Gangni Upazila mauza geocode map

Gangni (গাংনী) is an upazila of Meherpur District in Khulna Division, Bangladesh.

== Geography ==
It has 77,580 households and total area 341.98 km^{2}.

Main rivers are Bhairab, Kazla. Dharla and Ilangi Beels are notable. Gangni (town) consists of 5 mouzas. It has a population of 19126; male 51.48% and female 48.95%. Literacy rate among the town people is 28.8%. Administration Gangni thana, now an upazila, was established in 1923. It consists of 9 union parishads, 100 mouzas, 136 village, 5 border outpost.

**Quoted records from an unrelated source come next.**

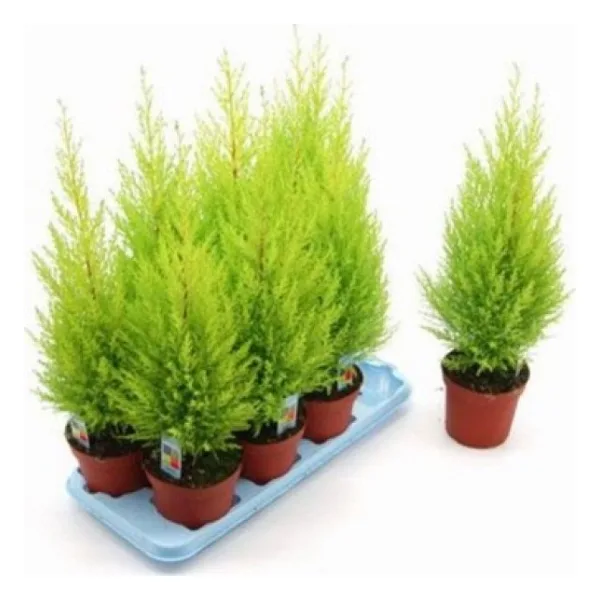 Paket Servi Limon Ağacı Tohumu 110 Adet Tohum + Toh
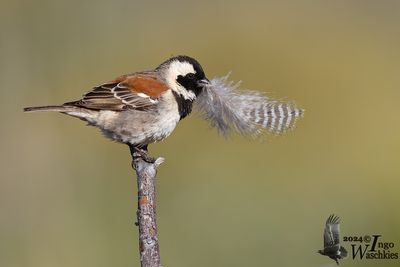 Adult male Cape Sparrow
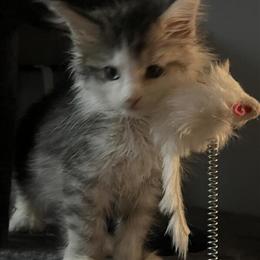 Male Silver and White Maine Coon for Adoption in Normal, il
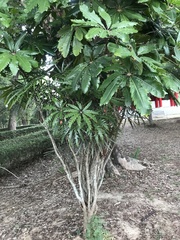 Plerandra elegantissima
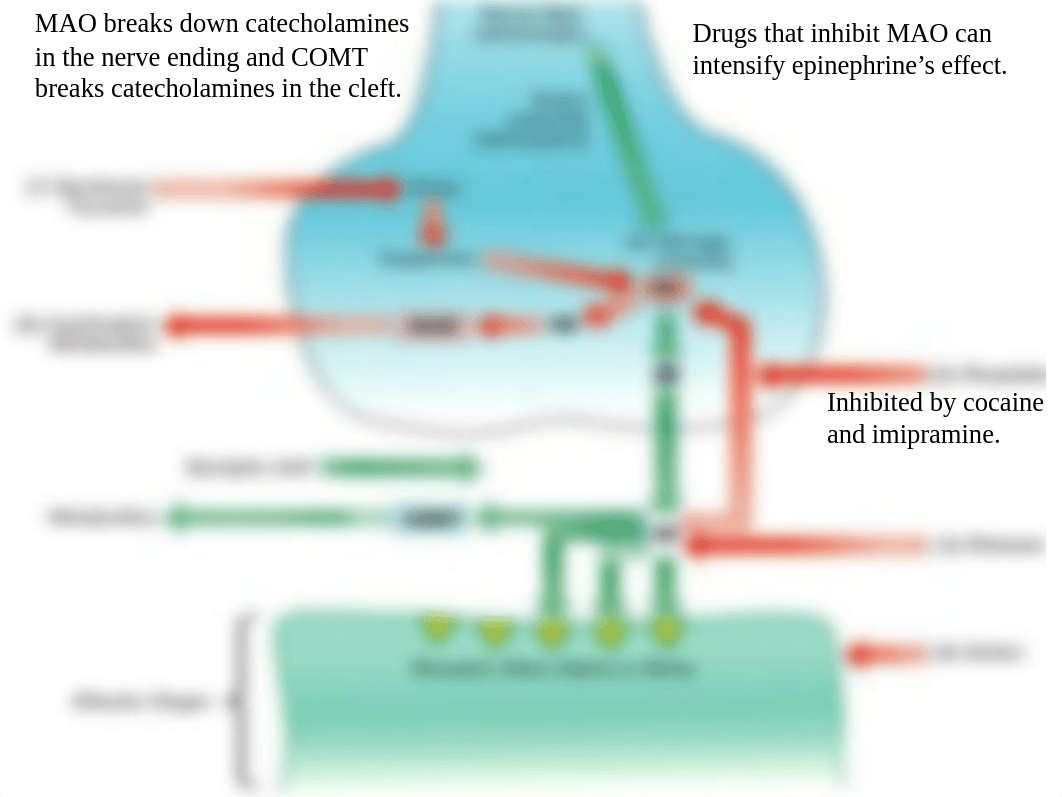 Adrenergic Agonists and antagonists_duh2vl2yixj_page5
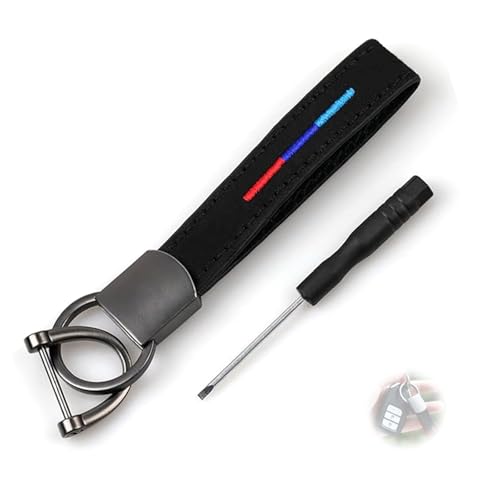 AzureRay Llavero Universal de Cuero para BMW Coche etc.- Metal Negro, Compatible...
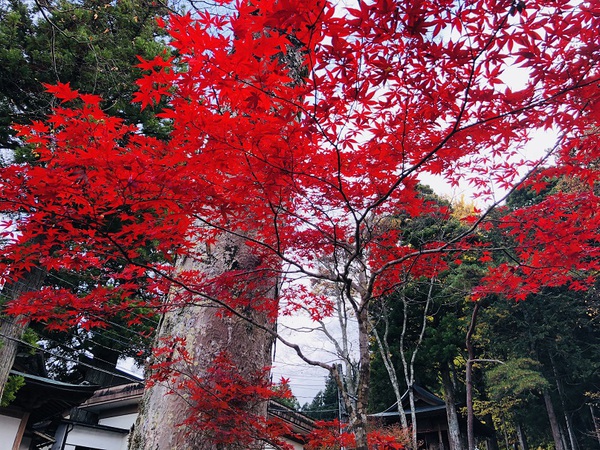 西方寺　さん　　は　　見どころ　　いっぱい　　☆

Gangni Upazila is bounded by Daulatpur Upazila in Kushtia District, on the north, Daulatpur, Mirpur Upazilas in Kushtia District, and Alamdanga Upazila in Chuadanga District on the east, Alamdanga Upazila in Chuadanga District and Meherpur Sadar Upazila on the south and Karimpur II and Tehatta I CD Blocks, in Nadia District, West Bengal, India, on the west.

== Demographics ==

According to the 2022 Bangladeshi census, Gangni Upazila had 92,768 households and a population of 322,701. 7.72% of the population were under 5 years of age. Gangni had a literacy rate (age 7 and over) of 65.46%: 66.02% for males and 64.95% for females, and a sex ratio of 91.84 males for every 100 females. 65,820 (20.40%) lived in urban areas.

== Arts and culture ==
Public library 4, rural club 10, playground 20. Main occupations Agriculture 38.19%, agricultural labourer 33.75%, wage labourer 4.43%, commerce 12.48%, construction 1%, service 2.7%, others 7.45%.Land use Cultivable land 26.545 hectare; fallow land 38 hectare; single crop 13.4%, double crop 67.5%, triple crop 19.2%; land under irrigation 54%.Land control Among the peasants, 14.29% are rich, 50.79% intermediate and 34.92% small; cultivable land per head 0.15 hectare.,

Football is a popular sports for the people in the upazila, young generation is attracted by the cricket. Men wear Lungi whether women prefer Sari.

== Points of interest ==

- Shaharbati Neelkuthi (1859)
- Gosaidubi Mosque at Karamdi
- Marks of War of Liberation: Mass grave 2 (Kazipur and Tepukhali playground)
- There is a hundred of ponds at the village Sholotaka where fish is cultivated commercially

==Administration==
Gangni Upazila is divided into Gangni Municipality and nine union parishads: Bamondi, Dhankolla, Kathuli, Kazipur, Motmura, Raipur, Shaharbati, Sholotaka, and Tentulbaria. The union parishads are subdivided into 90 mauzas and 137 villages.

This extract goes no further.